The masters have two primary functions: fetching work from the coordinator and managing the slaves. The slaves and the masters communicate in a producer - consumer fashion through a queue in which the masters add work and the slaves remove work from the queue and do the actual processing. The masters try to maintain the queue full at all the times so that the slaves don't have to wait during the master - coordinator communication. When a slave retrieves an element from the queue the master immediately sends the coordinator a message requesting more work. During the time the master is processing the work it took from the queue the coordinator refills the queue. The queue has as many elements as there are slaves.
The slaves have the only function of processing the images. They retrieve work from the local queues managed by the masters and apply the processing algorithms to the corresponding images.
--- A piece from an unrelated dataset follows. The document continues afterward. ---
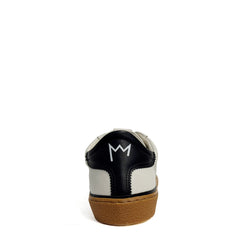 Sneaker LEATHER CROWN T - CFG 23101 - Bianco/Nero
When a quit command is retrieved by a slave thread from the work queue that thread finishes its execution.
Porting from X86 to PowerPC
Section contributed by IICT-BAS
The main issue when porting an application from x86 to PowerPC on Blue Gene/P is to ensure support for all the required libraries used in the application. It is important to remember that compilation for the Blue Gene/P is essentially cross compilation. This means that the target architecture is not equal to the architecture of the host (usually the front-end node). In our case the front-end node is running SUSE Linux, while the target compute nodes are running IBM proprietory Compute Node Kernel (CNK) operating system. This means that one must not use the libraries available for the host architecture, but aim for the libraries that are installed in other locations. This process is simplified by the module framework, explained elsewhere in this guide, which enables required libraries to be loaded as modules, before running the configuration script. The necessary compiler and linker directives can be obtained in this way. Another alternative, which is used widely, is to use the pkg-config system. However, if the required library is not particularly popular, the user can install it in their home directory and provide the necessary flags during compilation. Currently most of the software required by HP-SEE applications is available on the Blue Gene/P, as well as many of the popular libraries for writing scientific code. When porting their own codes, users must take into account that the target architecture is big endian 32-bit. This means that data stored in binary format on disk will not be directly readable on an Intel machine and also that care should be taken if such data is transformed over the the network. Once the developer is aware of this feature, transformation of data is essentially trivial and is directly supported in popular environments for scientific computing like Matlab.